#### DATA BELOW

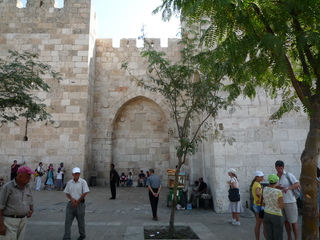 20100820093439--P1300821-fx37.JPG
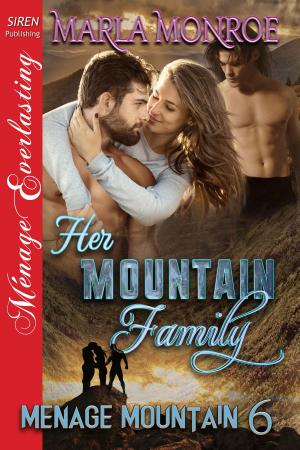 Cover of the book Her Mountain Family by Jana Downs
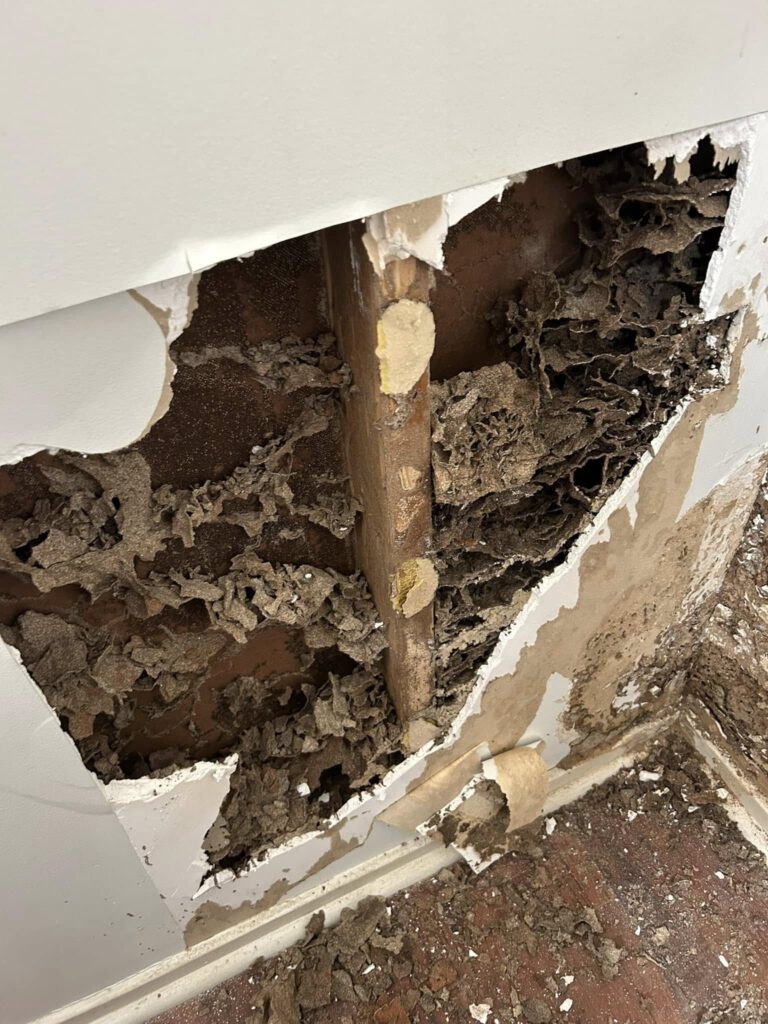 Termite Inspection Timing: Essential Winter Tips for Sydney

#### TO DO
Every line above should be returned exactly; the pictures stay out.

#### OUTPUT OF THE TASK
 20100820093439--P1300821-fx37.JPG
 Cover of the book Her Mountain Family by Jana Downs
 Termite Inspection Timing: Essential Winter Tips for Sydney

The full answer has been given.